--- Dataset ---
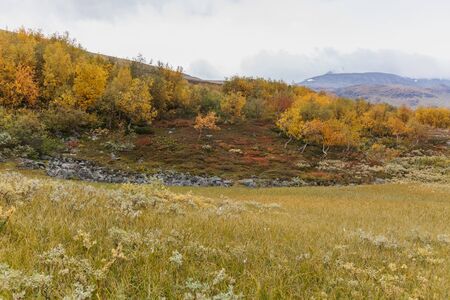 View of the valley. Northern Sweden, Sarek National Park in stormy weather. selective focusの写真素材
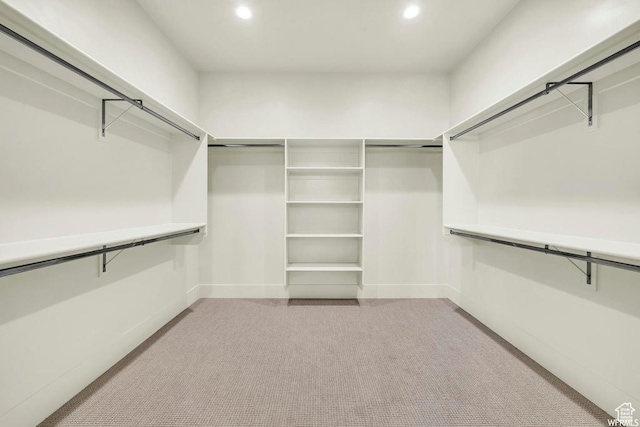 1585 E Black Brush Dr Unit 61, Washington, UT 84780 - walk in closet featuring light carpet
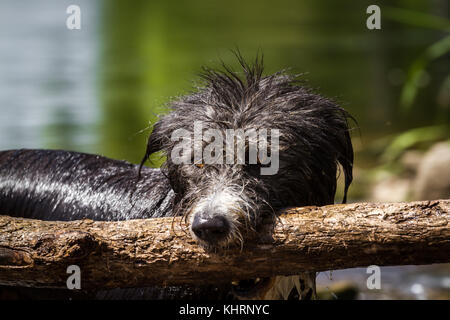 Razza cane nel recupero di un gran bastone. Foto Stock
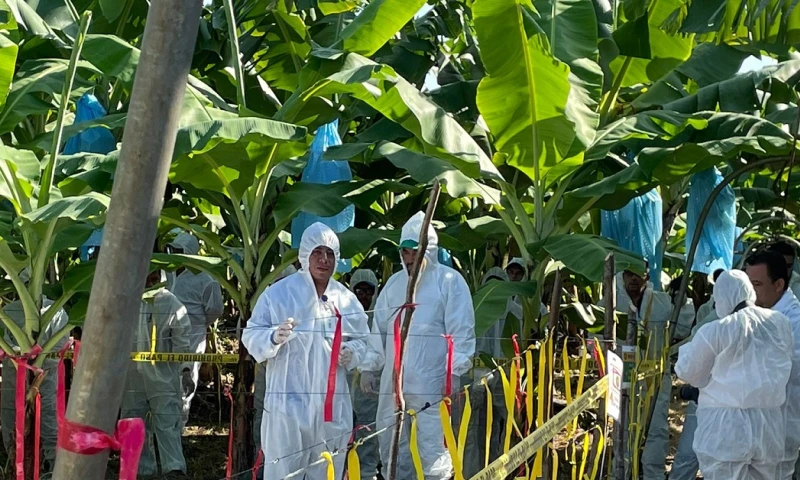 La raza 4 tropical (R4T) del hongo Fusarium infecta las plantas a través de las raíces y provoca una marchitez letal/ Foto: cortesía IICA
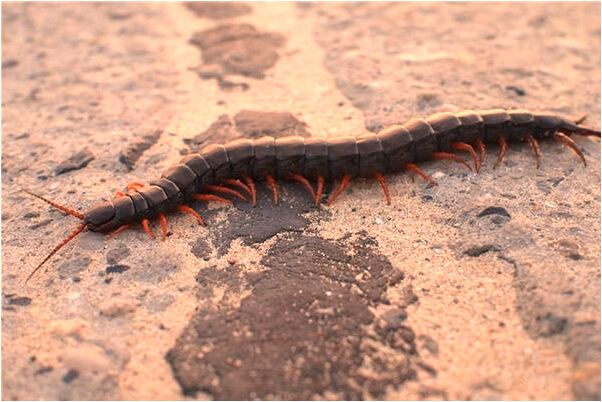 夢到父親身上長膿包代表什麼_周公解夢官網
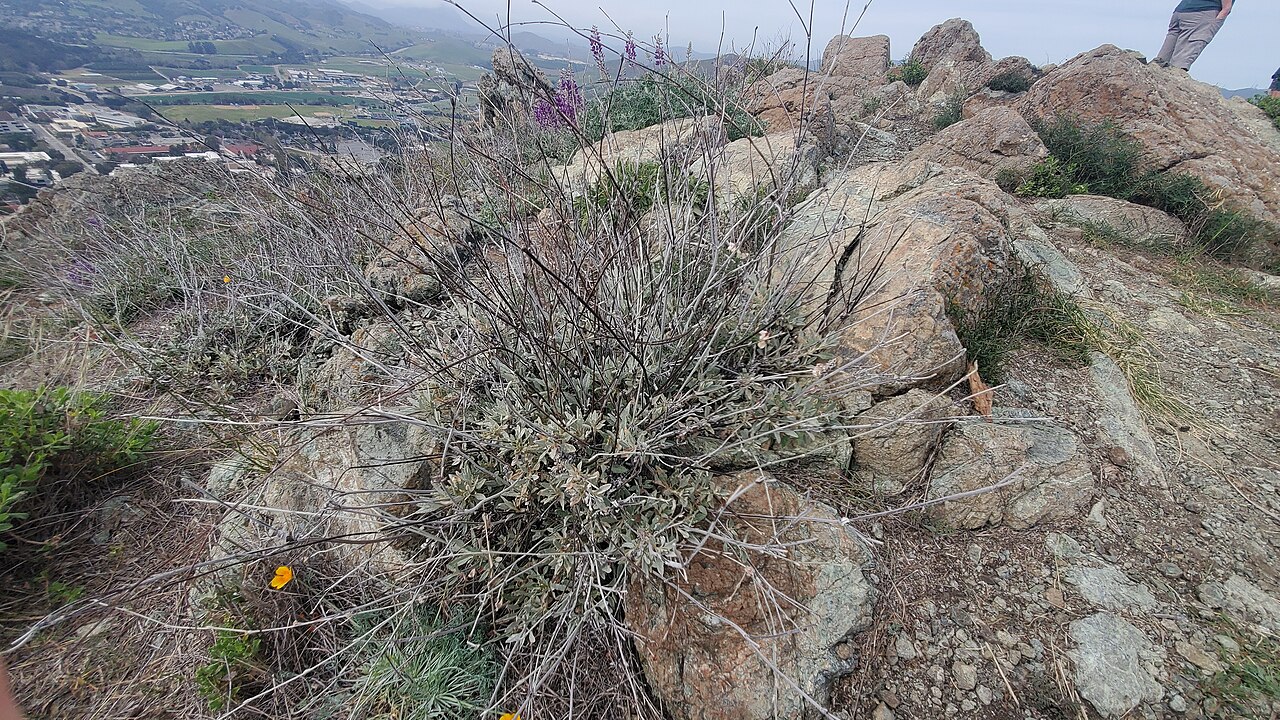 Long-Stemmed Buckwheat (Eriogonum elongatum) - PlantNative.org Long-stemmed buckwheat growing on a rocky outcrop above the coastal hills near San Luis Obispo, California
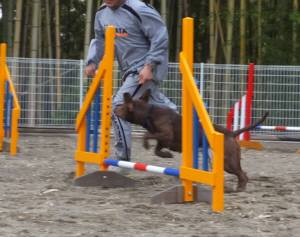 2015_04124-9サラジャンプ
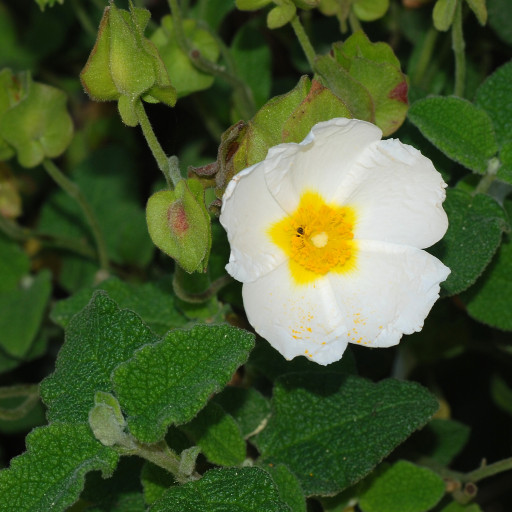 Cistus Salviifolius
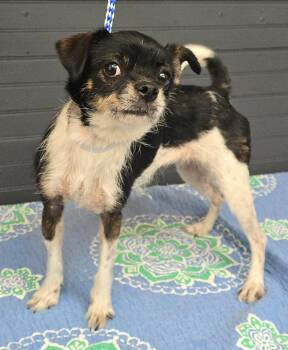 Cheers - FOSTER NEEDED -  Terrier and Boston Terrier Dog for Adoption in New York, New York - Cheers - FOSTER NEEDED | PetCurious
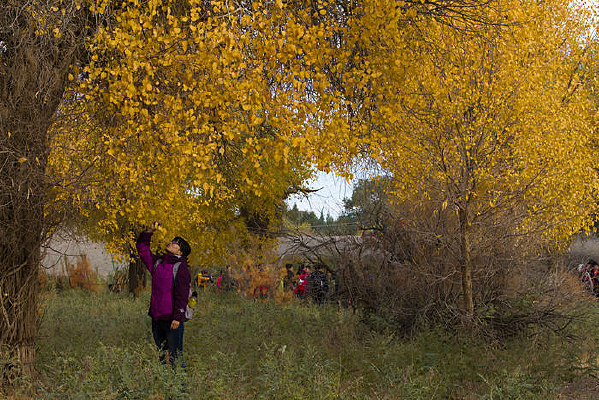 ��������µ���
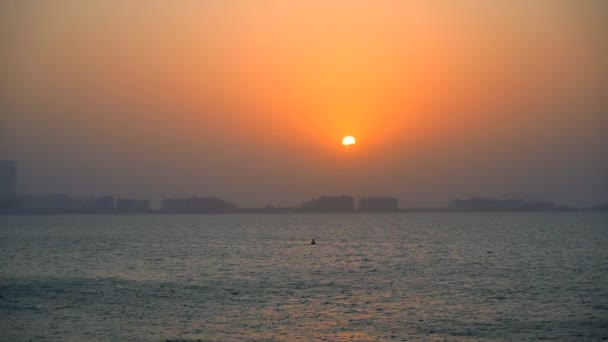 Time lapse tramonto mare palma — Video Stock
---
--- Dataset ---
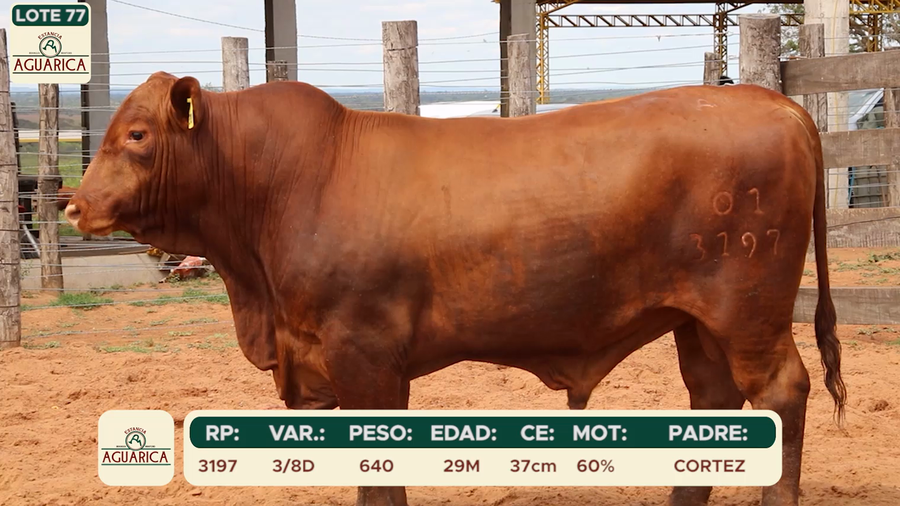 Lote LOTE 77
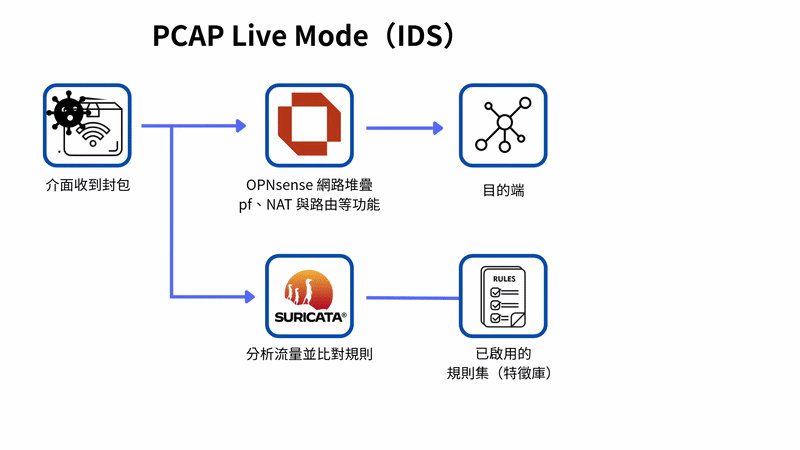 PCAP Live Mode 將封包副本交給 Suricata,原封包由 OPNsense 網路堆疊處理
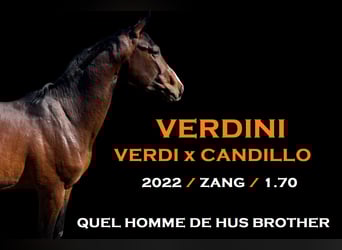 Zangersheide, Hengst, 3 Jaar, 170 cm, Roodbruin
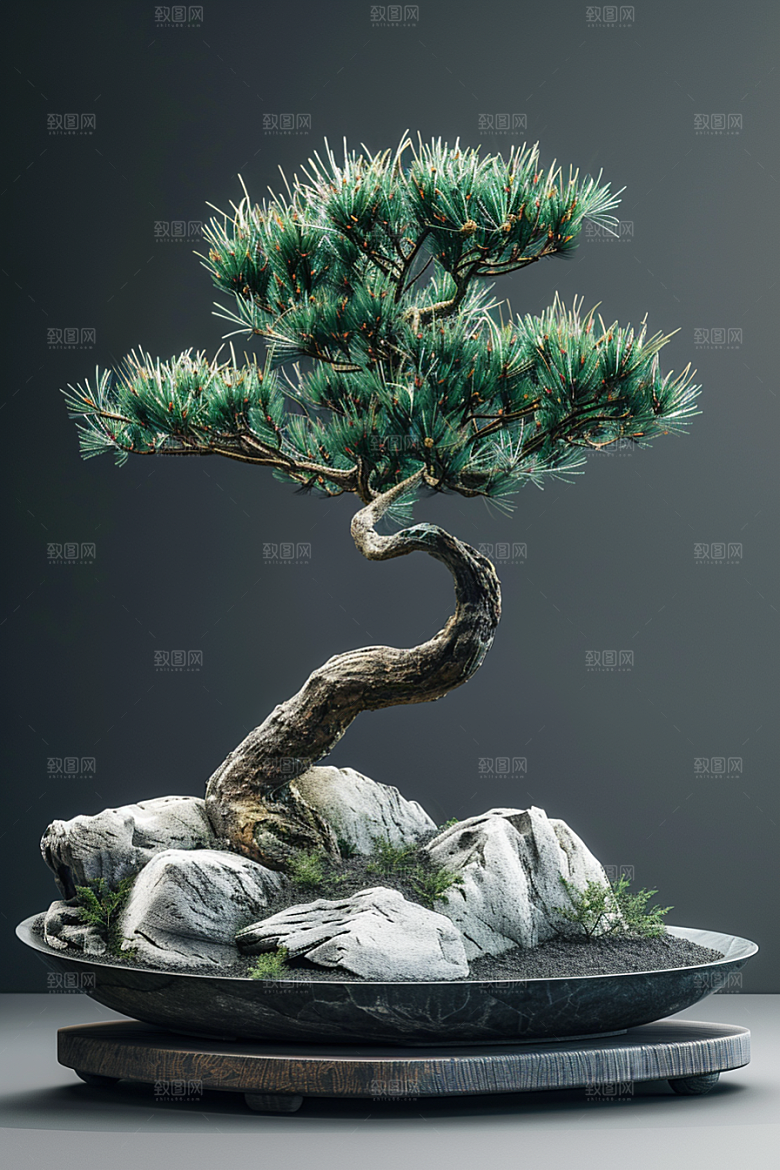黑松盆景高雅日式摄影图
---
--- Dataset ---
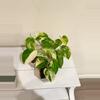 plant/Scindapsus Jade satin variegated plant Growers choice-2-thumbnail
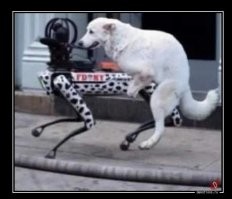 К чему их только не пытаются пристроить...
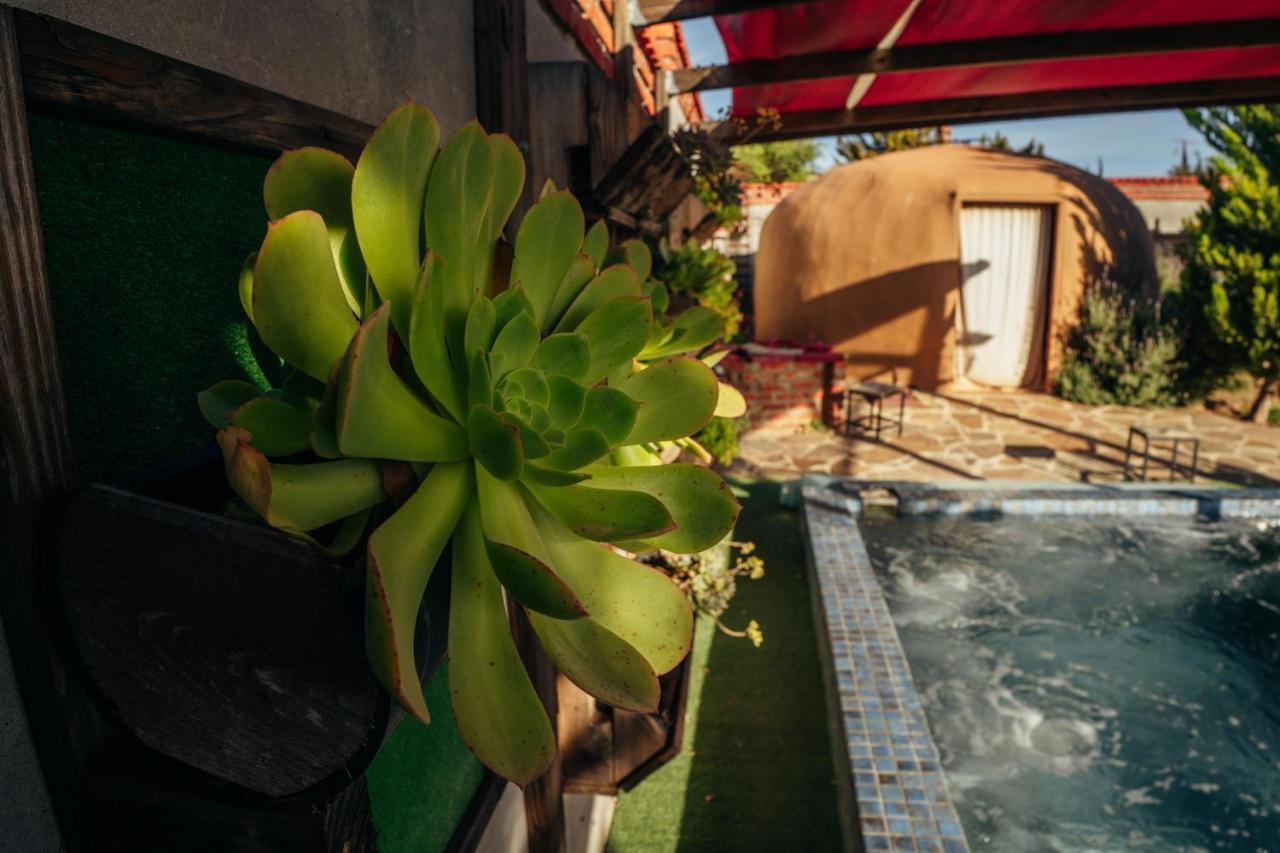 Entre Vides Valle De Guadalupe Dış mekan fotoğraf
---
Repeat exactly the lines above, beginning at the one containing "Cistus Salviifolius" and ending at the one containing "Time lapse tramonto mare palma — Video Stock". Do not carry over any pictures.

 Cistus Salviifolius
 Cheers - FOSTER NEEDED -  Terrier and Boston Terrier Dog for Adoption in New York, New York - Cheers - FOSTER NEEDED | PetCurious
 ��������µ���
 Time lapse tramonto mare palma — Video Stock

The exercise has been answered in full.